Elise Lafontaine’s painting practice starts with and evolves from a process of lingering in places that have the theme of confinement in common. Archiving her investigations through photography and writing serves as an anchor and jumping off point for her paintings, that unfold in a unique aesthetic language, bringing together her interest in colour theory, with an anthropomorphic conception of architecture and cosmology.
Evangelos Michelis’ works reveal an intense but humorous fascination with the relationship between people and space, and the contrast between the inner world of emotions and the external reality of the everyday. In this series, he expresses this interest through skewed perspectives, a blend of cartoonish and realistic depiction, and a similar approach to colour, entangled in the dark depths of jungle plants vying for light.

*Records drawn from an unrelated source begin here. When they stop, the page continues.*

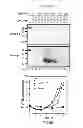 Fig. 07 - DETECTION OF INFECTIOUS PRION PROTEIN BY SEEDED CONVERSION OF RECOMBINANT PRION PROTEIN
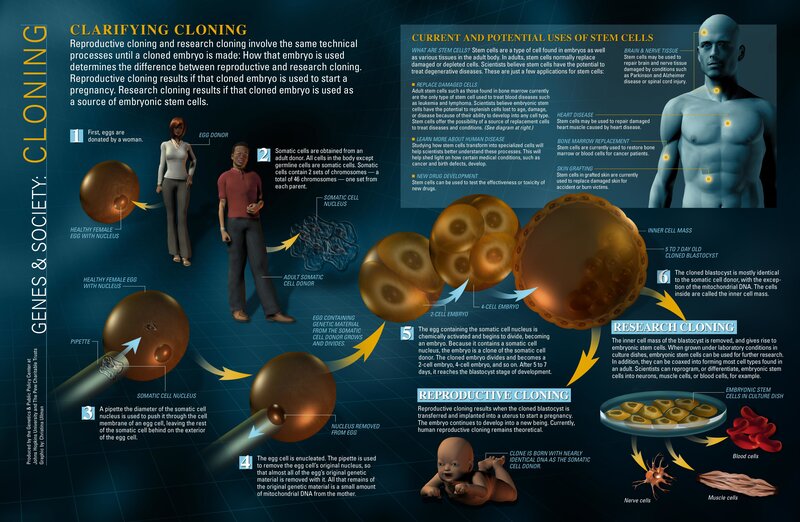 Cloning and Stem Cells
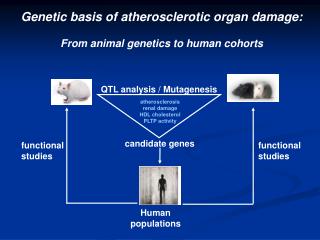 QTL analysis / Mutagenesis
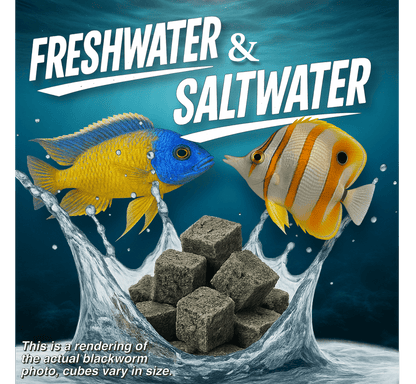 Super Cichlids Freeze-Dried Blackworms with Spirulina (All Natural, High Protein Fish Food)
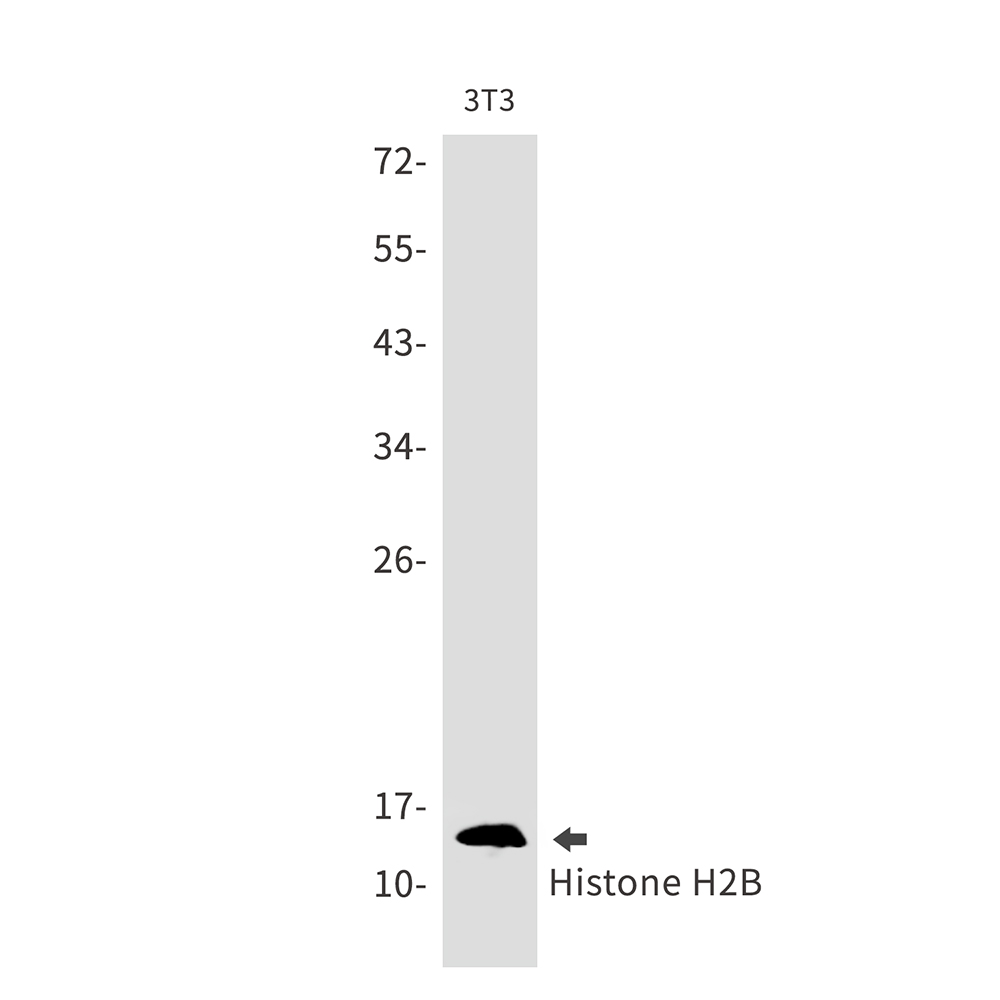 Rabbit Monoclonal Antibody to Histone H2B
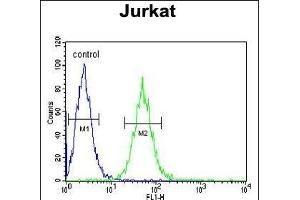 BCKDHA Antibody (C-term) (ABIN390811 and ABIN2841048) flow cytometric analysis of Jurkat cells (right histogram) compared to a negative control cell (left histogram). (BCKDHA anticorps  (C-Term))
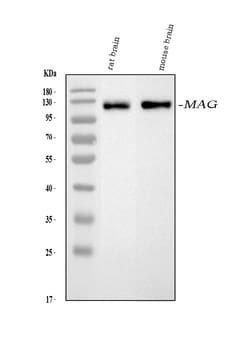 Invitrogen MAG Polyclonal Antibody 100 &mu;g; Unconjugated:Antibodies,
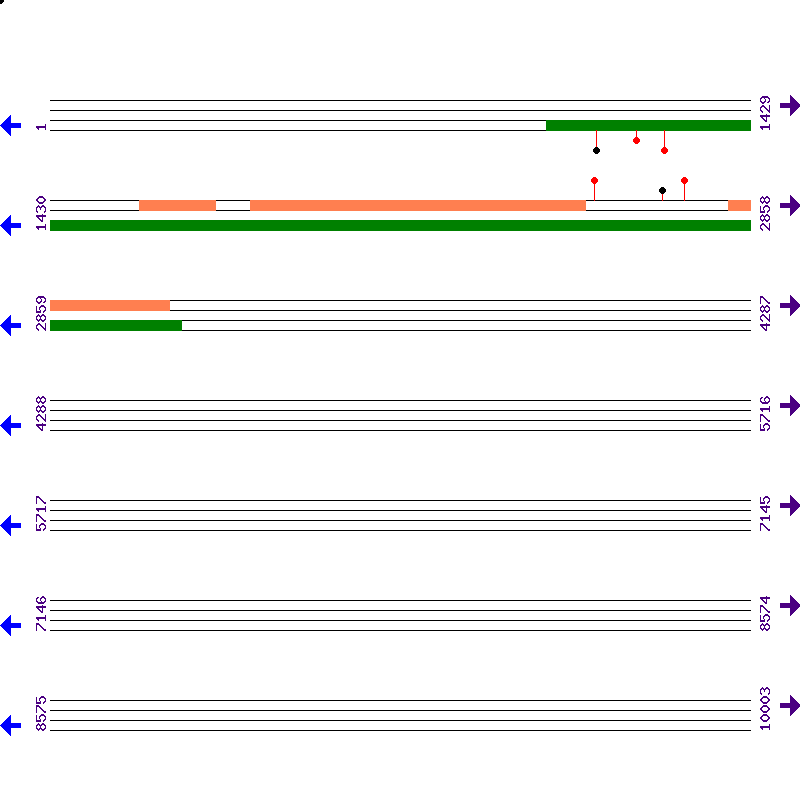 Genome View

Rebecca Munce’s drawings emerge from an ongoing fictive escapism into invented symbolic realms, wherein different fantasy genres and the quotidian psyche collide and reveal fresh possibilities. Like hieroglyphics scrawled on the walls of a hollowed space, her works are infused with the ongoing energy of storytelling, imagined within a beautifully engaging style that is both compelling and confusing.
Katerina Pansera’s practice centres around ideas of containment, presenting warm, blurry depictions that are comfortingly soothing yet suggestively barren. Her concern with the process of visual perception and the brain trickery it entails is made evident, employing a playful trickery within different visual conventions. Her chambers also suggest a consideration of the voyeuristic quality of looking, about how the painted thing variously resists representation, stares back, falls apart and revels in our seeking it.